7. Financing of Constructed Facilities
7.1 The Financing Problem
Investment in a constructed facility represents a cost in the short term that returns benefits only over the long term use of the facility. Thus, costs occur earlier than the benefits, and owners of facilities must obtain the capital resources to finance the costs of construction. A project cannot proceed without adequate financing, and the cost of providing adequate financing can be quite large. For these reasons, attention to project finance is an important aspect of project management. Finance is also a concern to the other organizations involved in a project such as the general contractor and material suppliers. Unless an owner immediately and completely covers the costs incurred by each participant, these organizations face financing problems of their own.

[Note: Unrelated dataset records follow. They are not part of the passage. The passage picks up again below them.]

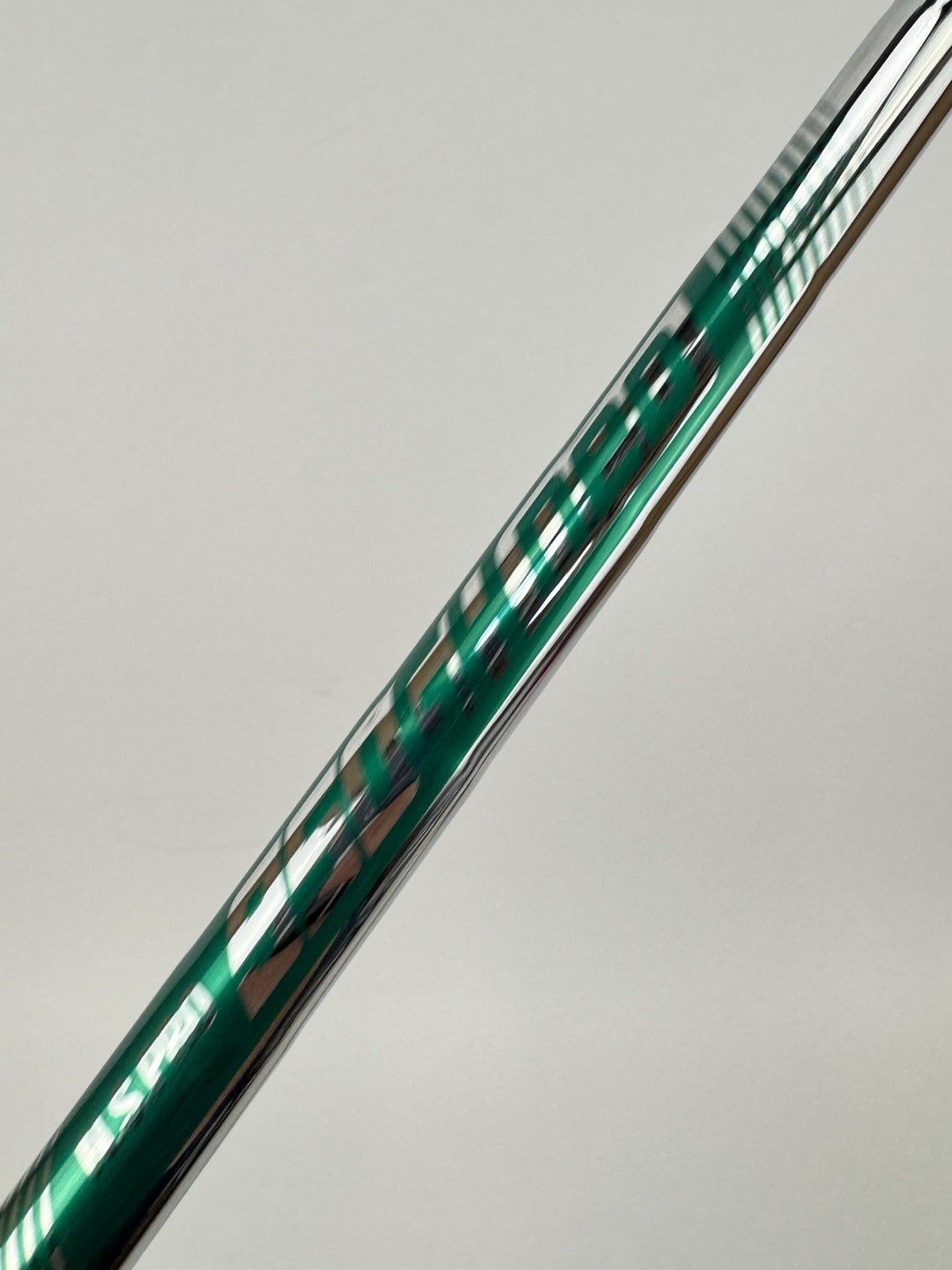 Nippon 950GH Neo Iron Shaft Regular Flex Steel 35.25 /0.355 Tapered /346353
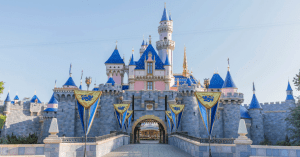 Popular Disneyland Attraction Might Be Getting Encanto Makeover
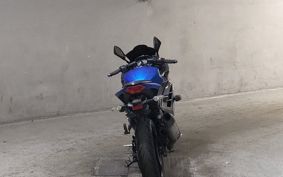 KAWASAKI NINJA 250 EX250L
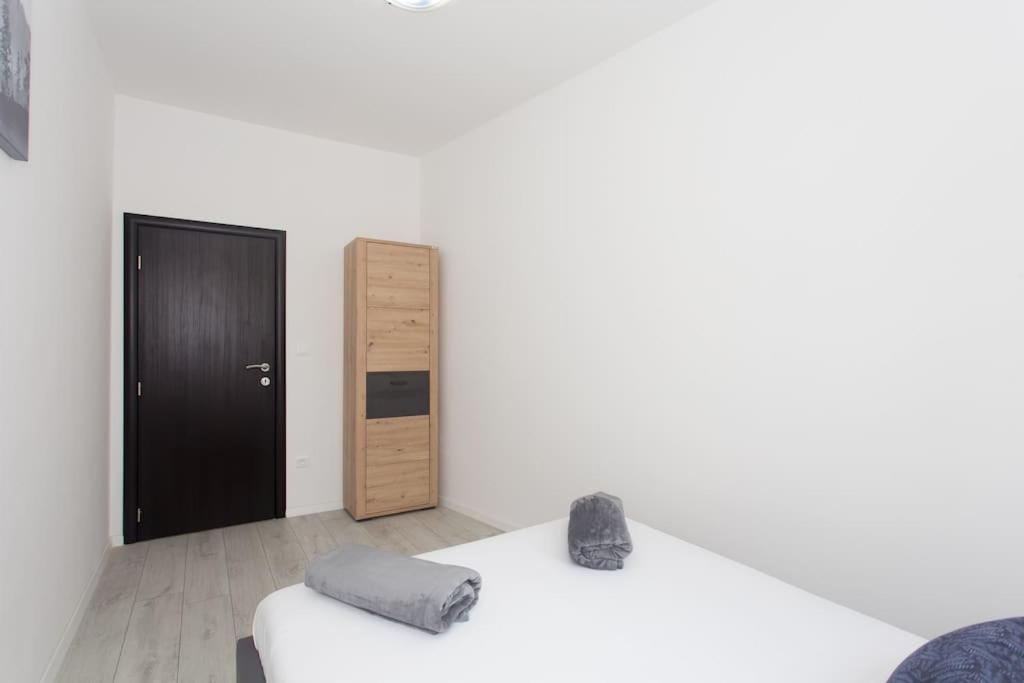 Apartment Spalato Split Apartment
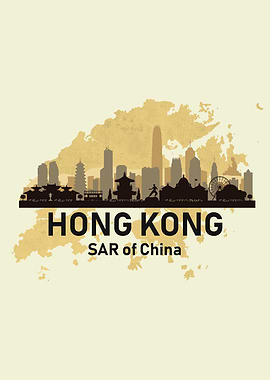Hong Kong SAR of China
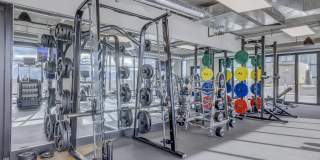 The Charles Gallery 40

At a more general level, project finance is only one aspect of the general problem of corporate finance. If numerous projects are considered and financed together, then the net cash flow requirements constitutes the corporate financing problem for capital investment. Whether project finance is performed at the project or at the corporate level does not alter the basic financing problem.
In essence, the project finance problem is to obtain funds to bridge the time between making expenditures and obtaining revenues. Based on the conceptual plan, the cost estimate and the construction plan, the cash flow of costs and receipts for a project can be estimated. Normally, this cash flow will involve expenditures in early periods. Covering this negative cash balance in the most beneficial or cost effective fashion is the project finance problem. During planning and design, expenditures of the owner are modest, whereas substantial costs are incurred during construction. Only after the facility is complete do revenues begin. In contrast, a contractor would receive periodic payments from the owner as construction proceeds. However, a contractor also may have a negative cash balance due to delays in payment and retainage of profits or cost reimbursements on the part of the owner.
Plans considered by owners for facility financing typically have both long and short term aspects. In the long term, sources of revenue include sales, grants, and tax revenues. Borrowed funds must be eventually paid back from these other sources. In the short term, a wider variety of financing options exist, including borrowing, grants, corporate investment funds, payment delays and others. Many of these financing options involve the participation of third parties such as banks or bond underwriters. For private facilities such as office buildings, it is customary to have completely different financing arrangements during the construction period and during the period of facility use. During the latter period, mortgage or loan funds can be secured by the value of the facility itself. Thus, different arrangements of financing options and participants are possible at different stages of a project, so the practice of financial planning is often complicated.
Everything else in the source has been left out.